= Economic inequality in South Korea =

According to data from 2010, low-income earners (those earning 12 million won or less) make up 37.8% of South Korea's labour force. Conversely, the highest income earners (those earning 100 million won or more) make up 1.4% of the labour force.

According to a survey in 2019, among young South Koreans, 89.3% of women and 81.7% of men agreed with the statement that "people born into poverty can never compete with [those] born into wealth".

== Current situation ==
Among other countries in OECD, South Korea performs relatively well when considering indicators such as the Gini coefficient and Palma ratio, especially when limiting the comparison to countries with similar populations.

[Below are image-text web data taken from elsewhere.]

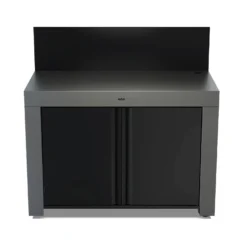 ENO Meuble de Cuisine pour Plancha 120 x 60 cm Félix en Acier Gris et Noir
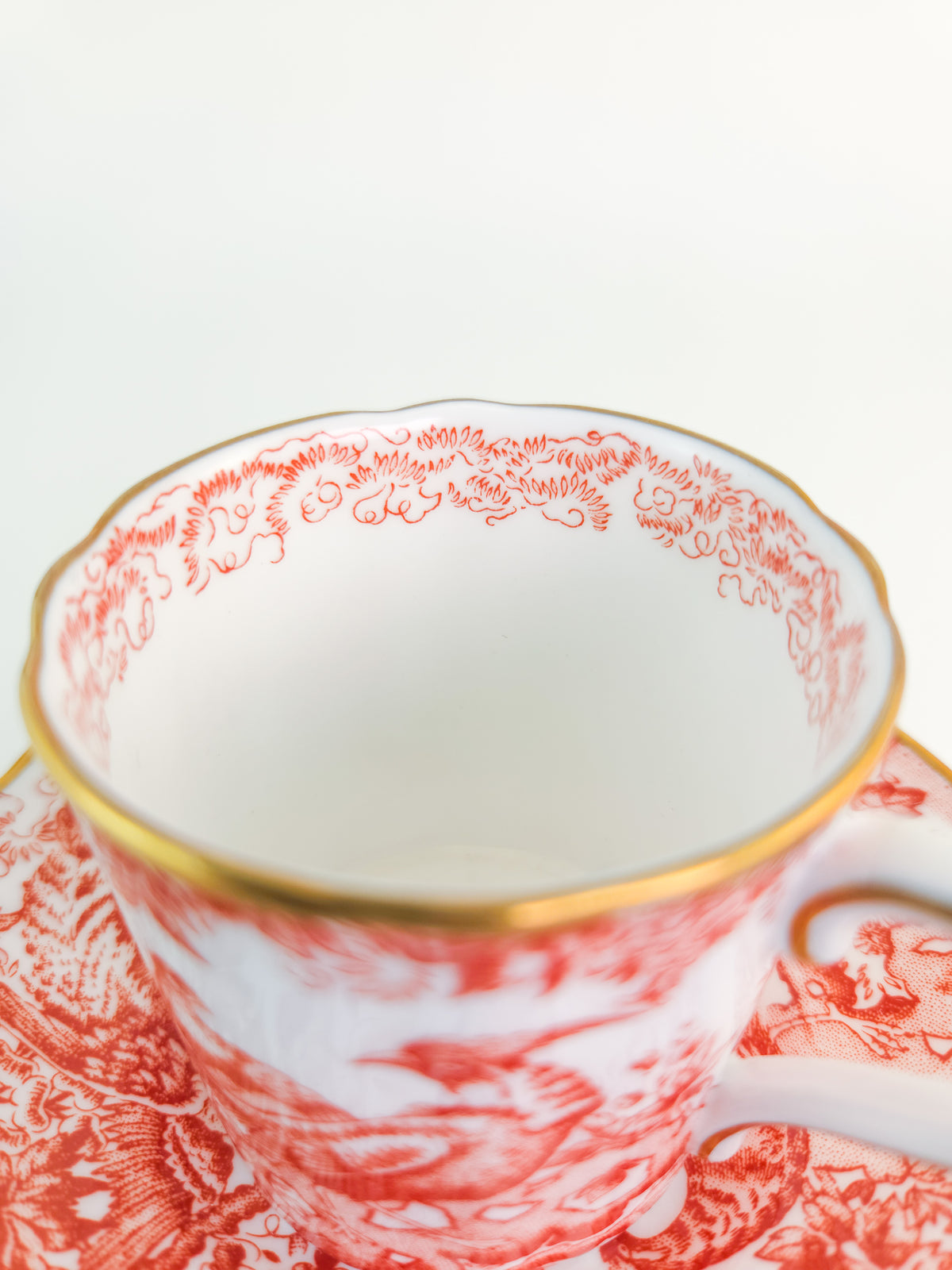 Vintage 1978 Royal Crown Derby Red Aves Bone China Cup & Saucer – England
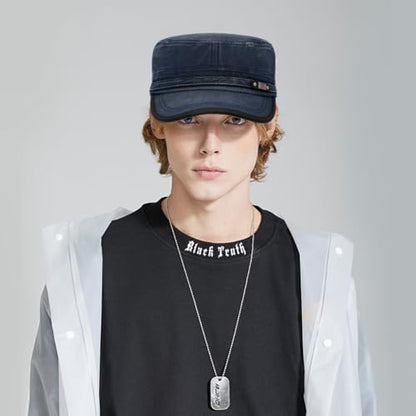 Cadet Army Hat 2 Pieces Flat Top Cap Unisex Military Hat for Women Men - color: Navy E + Army Green E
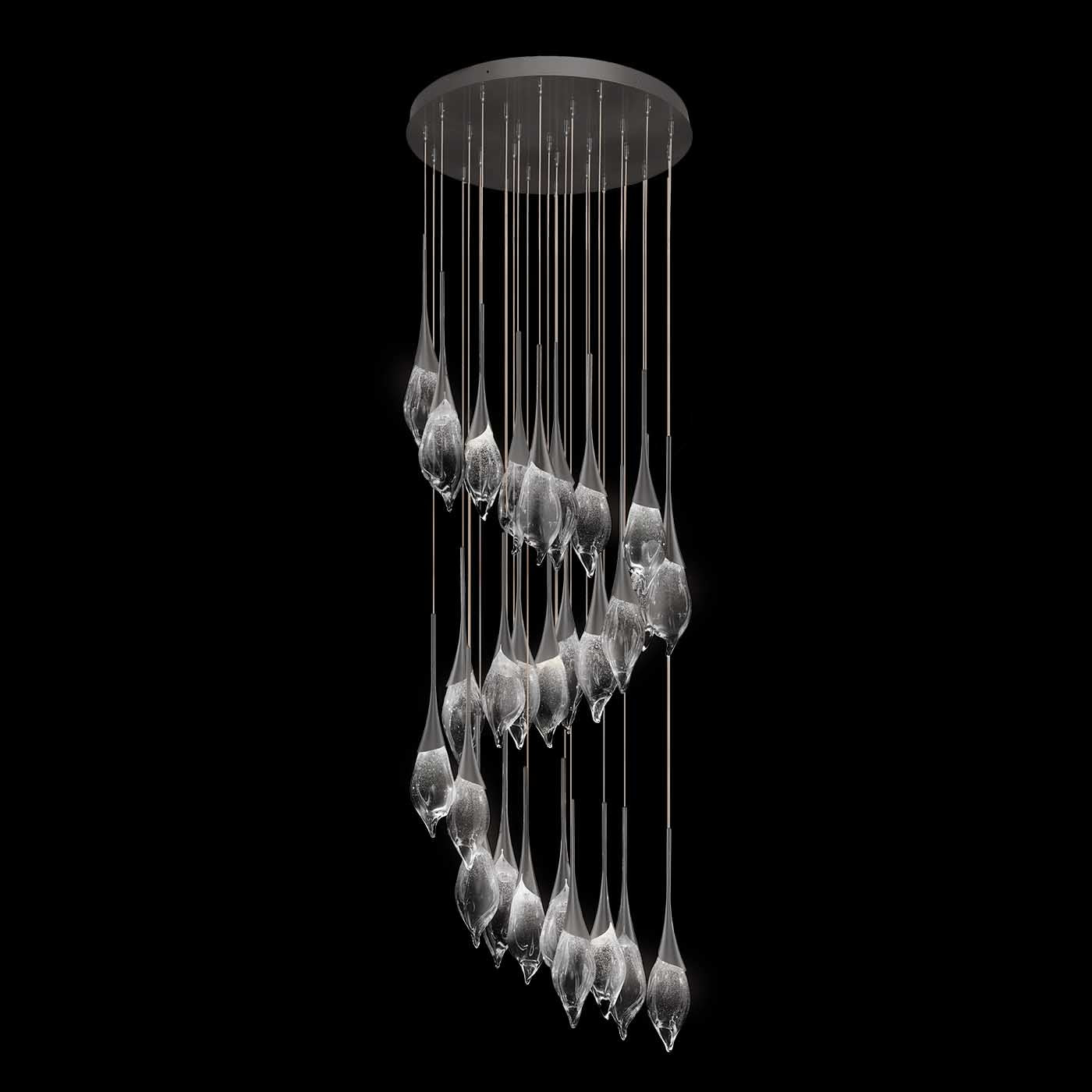 Artisan Glass Tall Round Pendant Light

However, income polarization (the income gap) has not eased since the IMF stimulus, and thus is becoming more serious as of 2018.

In 2014, the poverty gap index was 39%, which ranked third overall among OECD countries. According to Wells X, the nation's top-tier 1390 people monopolize assets worth around 270 trillion won, comparable to the national budget.

In 2020, the COVID-19 pandemic exacerbated economic inequality in South Korea. South Korea's President, Moon Jae-in, attributed a deepening wealth gap between the rich and the poor to the 2020 COVID-19 pandemic.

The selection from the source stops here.